Central services that run in the CMSWEB Kubernetes cluster are monitored with Prometheus, either via standard exporters like for process monitoring, for couchdb, etc; or via custom CMS monitoring scripts such as the liveness probe k8s service.

Prometheus and these exporters are fetching node and services metrics, which are then made available in a centralized database (elastic search?), and those metrics are constantly evaluated with the service rules defined in the CMSKubernetes repository.
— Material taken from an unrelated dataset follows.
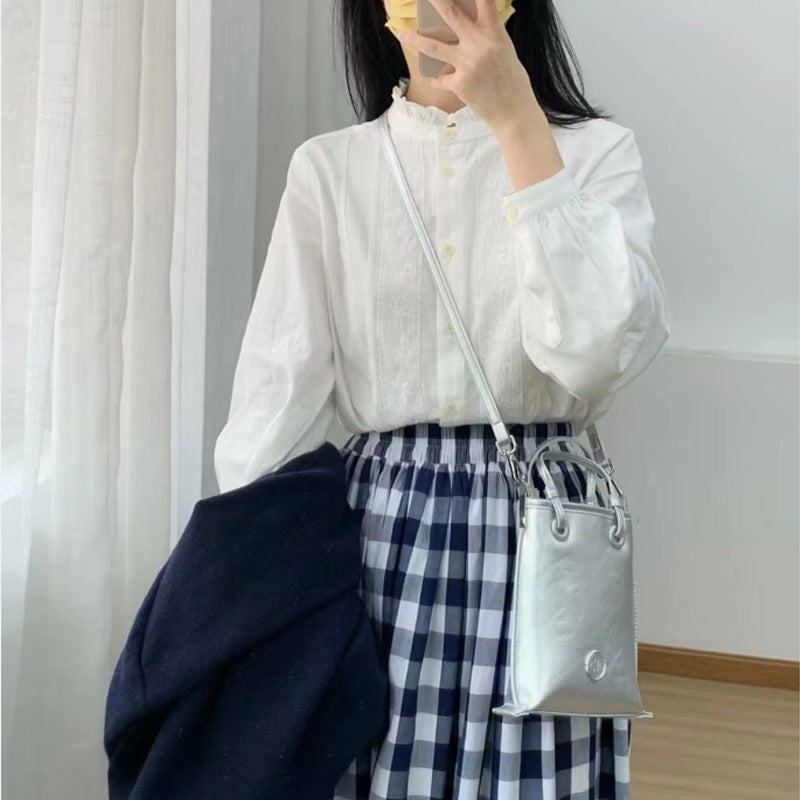 Women's Autumn Fashion Preppy Style Plaid Skirt Three-piece Set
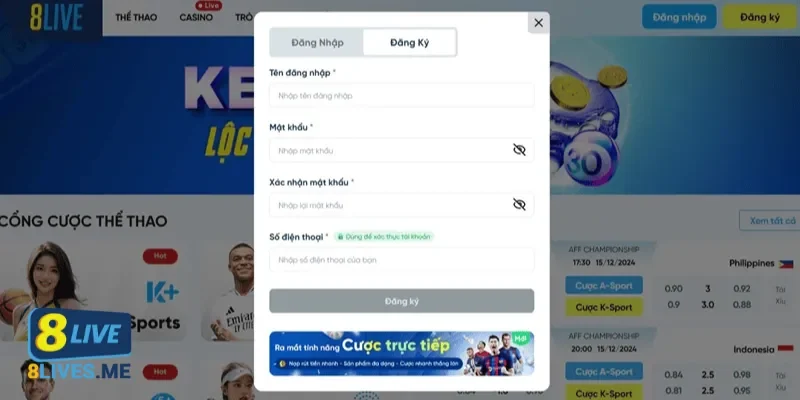 Điền thông tin vào biểu mẫu đăng ký 8Live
Further information has been provided by the Monitoring team HERE.

Please check the CMSMonitoring documentation HERE for more information on these alerts, where the rules are stored, and how to check which rules are enforced on the Prometheus server.

Updating rules for a given service

Whenever we want to update the Prometheus/AM based rules and alerts, changes must be provided to the CMSKubernetes repository. There are two files that need to be considered:

  • your_service_name.rule: which contains the rule definition, the conditions to trigger an alert, the alert definition itself, and a time interval in which the rule needs to be evaluated
  • your_service_name.test: a unit test for your rules

Once these changes have been made, we should check the rule definition and also test it with our unit test file. For that, a promtool has been made available and deployed in CVMFS. In order to test our rules definition, we can run it like:

amaltaro@lxplus751:~/CMSKubernetes $ /cvmfs/cms.cern.ch/cmsmon/promtool check rules kubernetes/cmsweb/monitoring/prometheus/rules/reqmgr2.rules 
Checking kubernetes/cmsweb/monitoring/prometheus/rules/reqmgr2.rules
  SUCCESS: 4 rules found

and to run the unit tests we have defined:

amaltaro@lxplus751:~/CMSKubernetes $ /cvmfs/cms.cern.ch/cmsmon/promtool test rules kubernetes/cmsweb/monitoring/prometheus/rules/reqmgr2.test 
Unit Testing:  kubernetes/cmsweb/monitoring/prometheus/rules/reqmgr2.test
  SUCCESS

Once everything is looking well on our side, we make a pull request for the CMSKubernetes repository, and ask the HTTP team to deploy these changes to CMSWEB.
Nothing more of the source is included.